Revolutionary risk management for pension plans
By Chris Sill
Investment consultants and plan sponsors find themselves in a tough spot these days. Many plans are underfunded, which is due to the financial crisis and rock bottom interest rates. In order to avoid costly contributions, outsized returns are needed to shore up their funded statuses. However, outsized returns may mean taking on outsized risk. And, if the first financial crisis left pension portfolios crippled, a second one could prove catastrophic.
Who has found a solution? Life insurance annuity providers adopted hedging as an industry standard practice by 2006. Such programs proved 93% effective during September and October of 2008, saving the industry an estimated $40 billion in reserves. Variable annuities, similar to pension plans, promise a guaranteed lifetime payout stream backed with equities. Therefore, the compelling success of these programs for annuity providers can be applied to pension plans as well.
The Milliman Managed Risk Strategy is a multi-faceted futures overlay strategy for pension portfolios that aims to capture, on average, 80% of the upside potential of equities with 25% of the downside exposure.
Using equity futures contracts, some of the most liquid and simple financial assets available, MPS adjusts market exposures in order to provide a risk and return profile that is superior to traditional asset allocation models. Through the combination of the capital protection strategy and volatility management, the MPS adjusts market exposures to maintain a nearly constant risk profile while simultaneously providing a cushion of protection against market downturns.
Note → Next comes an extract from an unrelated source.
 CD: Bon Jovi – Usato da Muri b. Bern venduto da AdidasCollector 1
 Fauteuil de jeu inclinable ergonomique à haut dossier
How risky is my portfolio?
Traditional asset allocation models focus on equity exposure as a proxy for risk. A “moderately risky” portfolio might invest 60% of assets in equities and 40% in bonds. But what if equity volatility is now twice as high as it was when this allocation was initially conceived? Is this portfolio still “moderately risky”? The MPS addresses this problem directly through volatility management. Instead of targeting a certain equity allocation, the MPS targets a specified level of volatility. Thus the risk (volatility) of the portfolio remains constant regardless of underlying market conditions.
Relevant risk management
The MPS realizes that asset risk management is not the same for all pension portfolios. An overfunded plan might have a very different view of risk when compared to an underfunded plan. Focused risk management is needed and that is what the capital protection strategy provides. The capital protection strategy uses futures contracts to create a cushion of protection against market downturns. The result of the strategy is that the protected portfolio is generally less affected by market downturns. This preservation of the asset base will prove even more valuable in the event of a market recovery.
The strength of the cushion is dynamic and reflects your portfolio’s individual circumstances. As markets fall the cushion of protection becomes larger, offsetting a greater portion of the loss realized by the underlying investments. As markets rise the cushion becomes smaller, creating less drag on the portfolio. The strength of the cushion can also be “reset” after extreme market moves. After large market downturns the strength of the cushion is reduced in order to take advantage of subsequent market recoveries. Following the attainment and then retreat from a recent portfolio high-water mark value, the level of cushion is reset in order to help preserve market gains.
Finally, MPS allows the plan to stay with its existing investment and allocation strategy. MPS does offer an effective, revolutionary risk management solution for today’s pension managers.